DESCRIPTION OF THE TASK =>
With all pictures excluded, restate the records that follow exactly as written.

STUDY MATERIAL =>
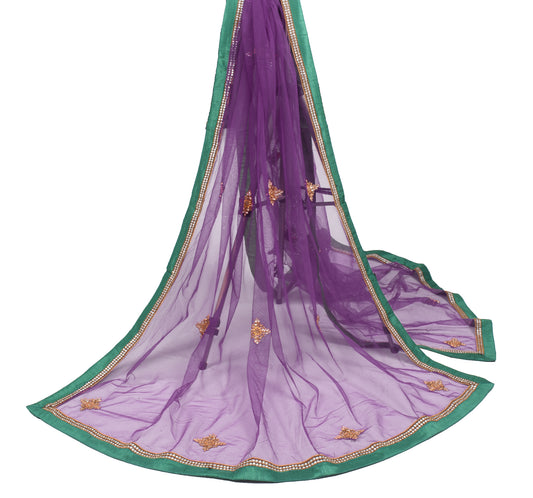 Sushila Vintage Purple Net Dupatta Polki Kundan Zardozi Work Long Stole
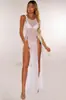 Produtos transfronteiriços nova lingerie sexy europeia e americana vestido sexy de malha com fenda alta fabricantes atacado feminino branco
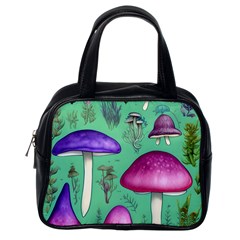 Foraging In The Mushroom Forest Classic Handbag (one Side) by GardenOfOphir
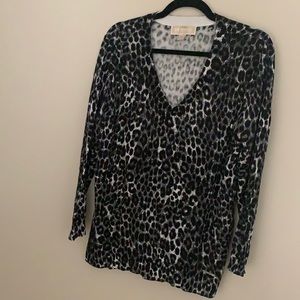 Michael Kors Black Leopard Print Sweater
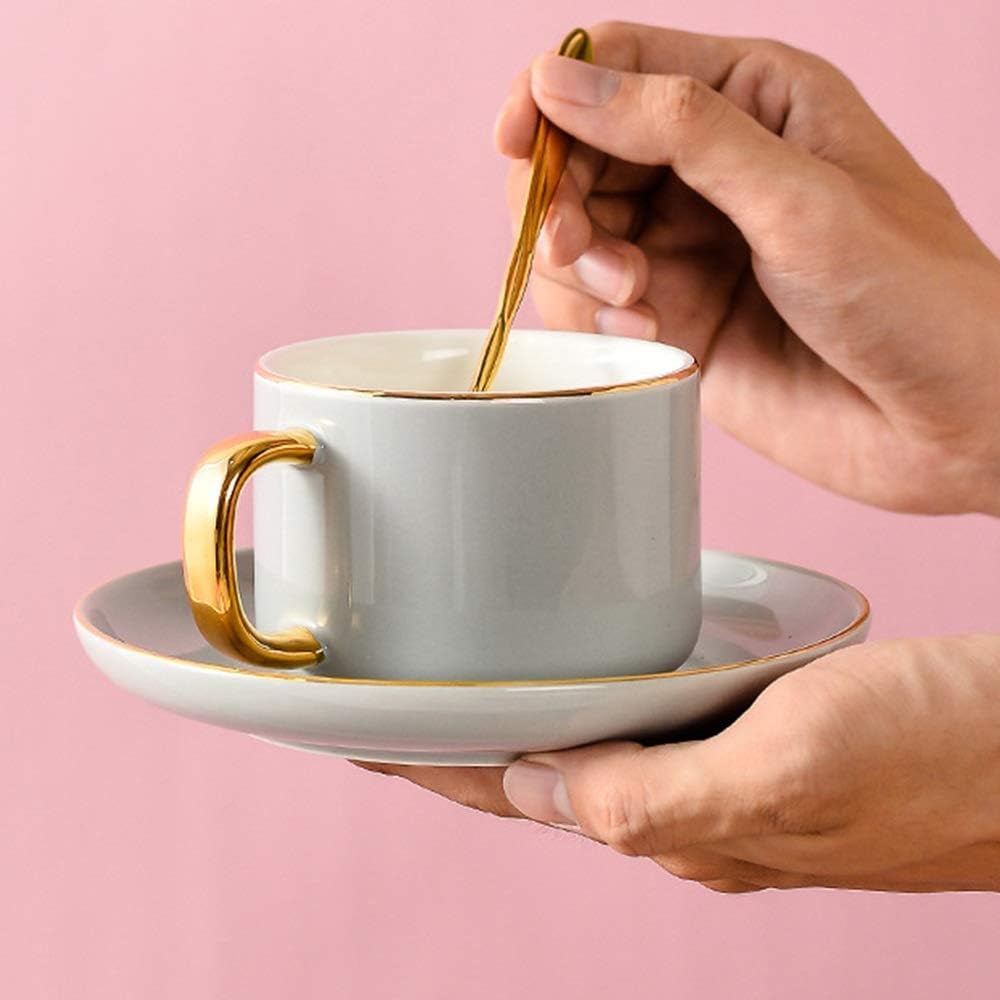 Espresso Cups Latte Art Cup And Saucer Latte & Cappuccino New Mate For Coffee Shop And Barista for Specialty Coffee Drinks Latte Cafe (Color : Gray, Size : 300ml)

SOLUTION TO THE EXERCISE =>
 Sushila Vintage Purple Net Dupatta Polki Kundan Zardozi Work Long Stole
 Produtos transfronteiriços nova lingerie sexy europeia e americana vestido sexy de malha com fenda alta fabricantes atacado feminino branco
 Foraging In The Mushroom Forest Classic Handbag (one Side) by GardenOfOphir
 Michael Kors Black Leopard Print Sweater
 Espresso Cups Latte Art Cup And Saucer Latte & Cappuccino New Mate For Coffee Shop And Barista for Specialty Coffee Drinks Latte Cafe (Color : Gray, Size : 300ml)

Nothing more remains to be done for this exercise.